To this...
The UK can often be a game of two halves. Not, happily, like the World Cup and its game of three halves, but a definite split nonetheless. North vs. South. Town vs Country. Guardian readers vs Everyone Else. We are not as United as we seem.
So, on one of the hottest days of the year for the south east, it should have come as no shock to learn that, while all our little friends were sitting in Victorian copper baths full of Pimms, flinging pork parts onto the barbie, Wendy and I would be up Snowdon, visibility hindered by lashings and lashings of rain flooding into our faces and mist that often stopped us from seeing the rest of our group. Not because we were rubbish at walking or staying on paths, y’understand.
Our ‘attempt on the summit” (see? we’re proper mountaineers) was called off with around an hour left to go, just as we were simultaneously thinking “this is a tonne of fun/potential Health & Safety debacle”, but it did give us the chance to get onto the second most important part of trekking - eating a lot of biscuits.

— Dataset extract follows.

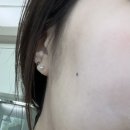 갑자기 뽐뿌와서 점 뺀 후기와 최근 피부과 고찰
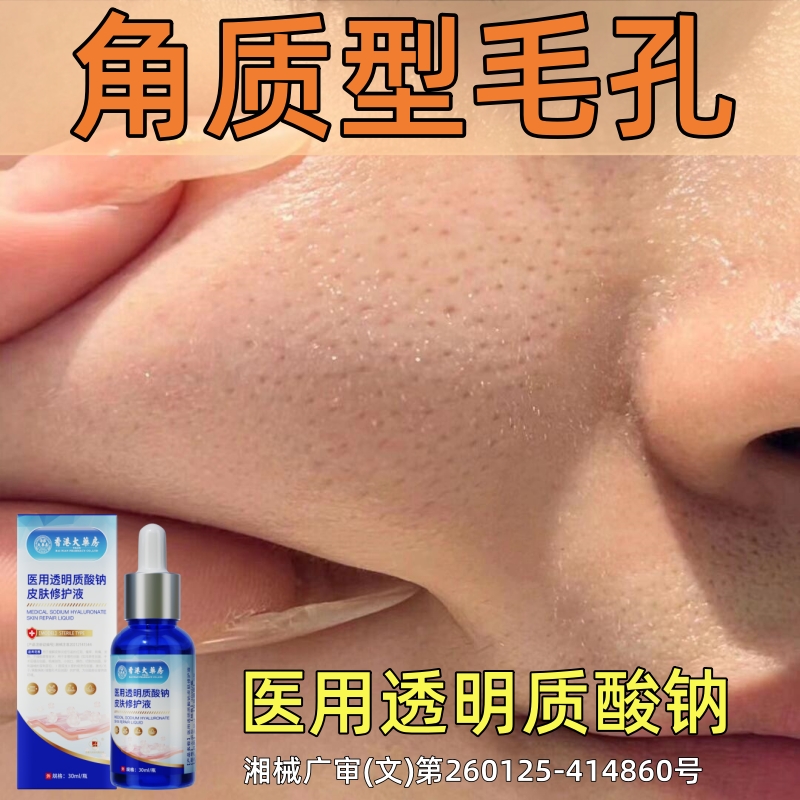 【痘痘救星】角质型痘印坑修复闭口收缩毛孔粗大透明质酸钠精华液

The weekend wasn’t just about testing out the wetter end of our performance outerwear (very good, since you ask. Only casualty was my wallet and its vast loyalty-free collection of loyalty cards. I’m a long way away from a free coffee at Recipease, once again), but also the first time we got to meet the organisers, other people we were going to Africa with and a giant pile of kit.
The people from our group who were there this weekend seem like just the kind of people we could go mad and get covered in our own vomit with (you learn a lot about yourself when you’re sharing a dorm full of bunk beds) and we learned a similar amount about what powders to put in our water and that there are worse jobs than chicken plucking - you could be the porter who carries the toilet.
What we have learned:
It is all about thick plastic bags for all your items. Possibly also colour-coded.
The Diamox vs. Viagra debate rages on
‘Summit’ is a verb as well as a noun
Boot update:
I proper love them, I do. More that I would have thought possible for shoes. Obviously I won’t be wearing them when next in New York. Or any area with a population of more that six.